The Japanese diet
The Japanese diet seems to be one of the healthiest and most balanced we can find, aimed at getting good health and longevity.
Japan has the greatest life expectancy on the planet and it is one of the most ancient places. Every year life expectancy in Japan increases and with a high quality of life.
The food base is rice and the rest of food seems to serve to enhance the taste of rice. These dishes will depend on the season, trying to find fresh and domestic foods.
Recipes in Japan are divided by the way they are cooked: fried, steamed, grilled, etc instead of according to food. A traditional homemade meal would consist of a soup, a rice dish with three accompaniments: one with steam or slow fire, one to the griddle and another last which can be raw fish.
This style of food is called Ichi Ju San Sai, three garnishes accompanied by a miso soup and white rice cooked where the main course does not carry vegetable proteins, usually fish or grilled.
This is the central dish in the food. It helps stabilize blood pressure and is good for the intestines. It delivers a lot of energy and contains no harmful fats or bad cholesterol. Reduces obesity by low levels of fat, cholesterol and sodium. Being rich in insoluble fiber protects against various types of cancer. By containing vitamin C and A, phenolic compounds and flavonoids, it increases natural antioxidants.
It also stimulates neuronal activity and growth, especially wild rices.
Steamed or cooked dishes
It is vegetable with lots of fiber and nutrients. By not being cooked for a long time they do not lose their nutritional value and forcing a greater chewing stimulates the neurons and the hormonal system. They are cut into elongated pieces, following the natural line of the vegetables, favoring the chewing and seeking to take advantage of the natural fibers.

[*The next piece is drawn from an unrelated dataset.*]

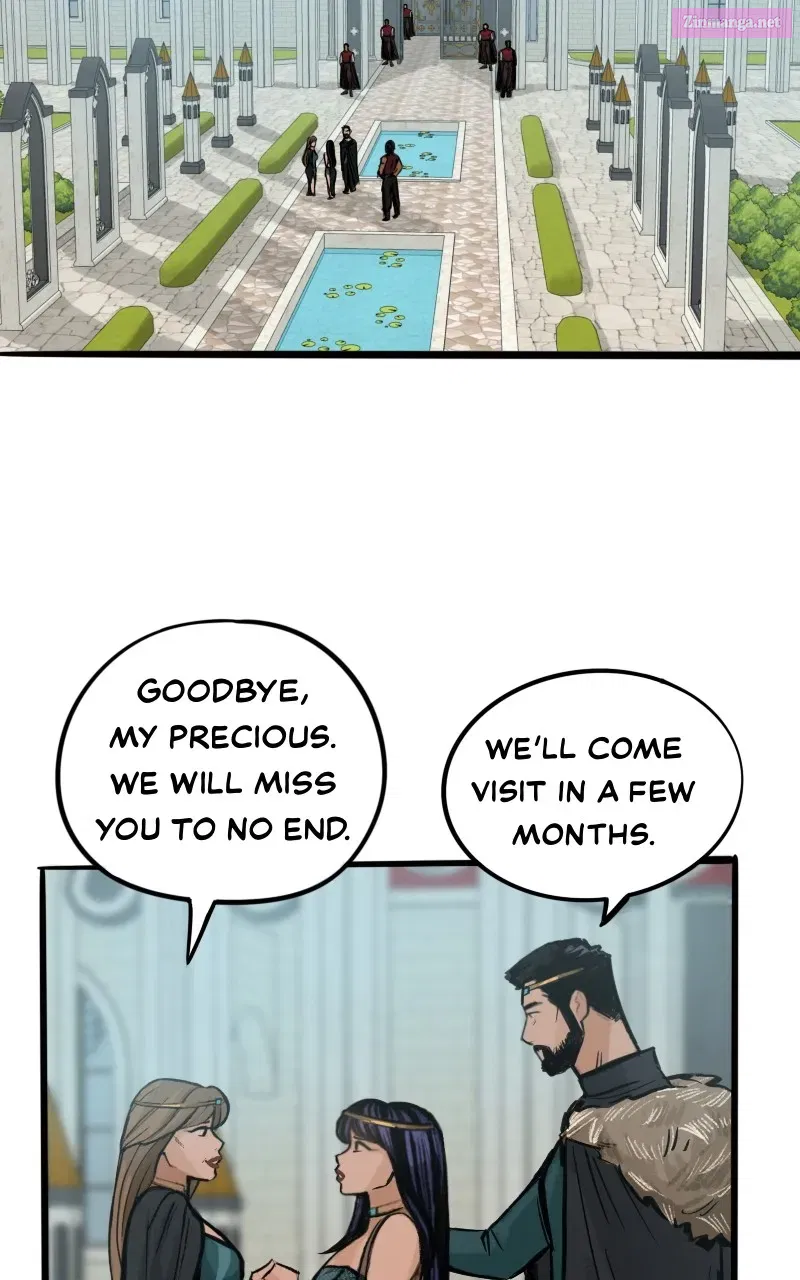 Osora Zinmanga X Chapter 6 Page 28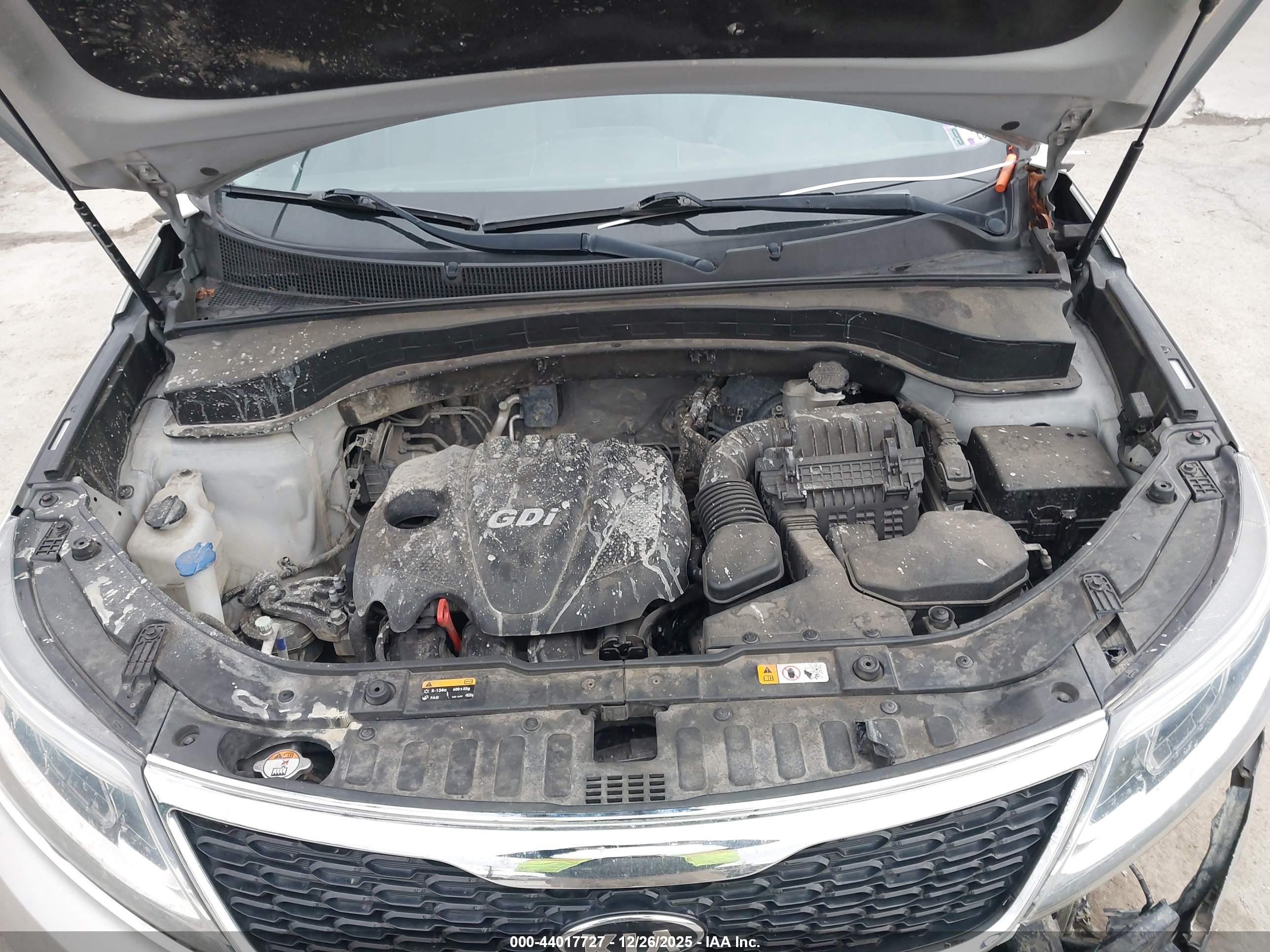 KIA SORENTO image 10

Raw fish keep their nutrients and are rich in Omega 3 which helps our mind and our attitude in life.
It is a soup with high protein and calcium content. It delivers great energy and vitality.
The word Gohan means both cooked rice and serving food. White rice is usually used, although traditionally this term indicated any type of cereal.
We look for a short and wide rice, avoiding those of long grain like basmati that do not retain so much water.
We thoroughly mix the rice with cold water, kneading the rice and stirring until the whole starch is peeled or until the water loses the whitish color. This phase is necessary and we must devote the necessary time.
Let the rice soak in cold water for 30 minutes so that the grains empamen well and absorb the water as much as possible. Traditionally we would use a proportion of 20% more water than rice that can vary depending on the type of rice up to 50% more water. To make sure we can use 2/3 of rice/water.
From here on, the different variants of Gohan’s recipes would begin. I put three different examples here:
Put this casserole covered in the fire until it boils and once we boil down the fire up to 10 minutes of approximately. Then we reduce to a minimum another 10 minutes.
The rice will be cooked when the water has absorbed and is not visible on the surface.
We put the rice in a casserole to fire and when it starts to boil we lower the fire to the minimum and after a few seconds we boil the water again. After this we leave the fire off without lifting the lid for 15 minutes, with the fire clogged.
If we lift the lid out of curiosity, the steam will come out and the recipe cannot be made.
Another simple method is to put the rice on a strong and uncovered fire, when it starts to boil, cover and lower the fire for 25 minutes.
Finally we mix the rice with a flat wooden spoon to avoid crushing the grains, let stand 10 minutes and enjoy!.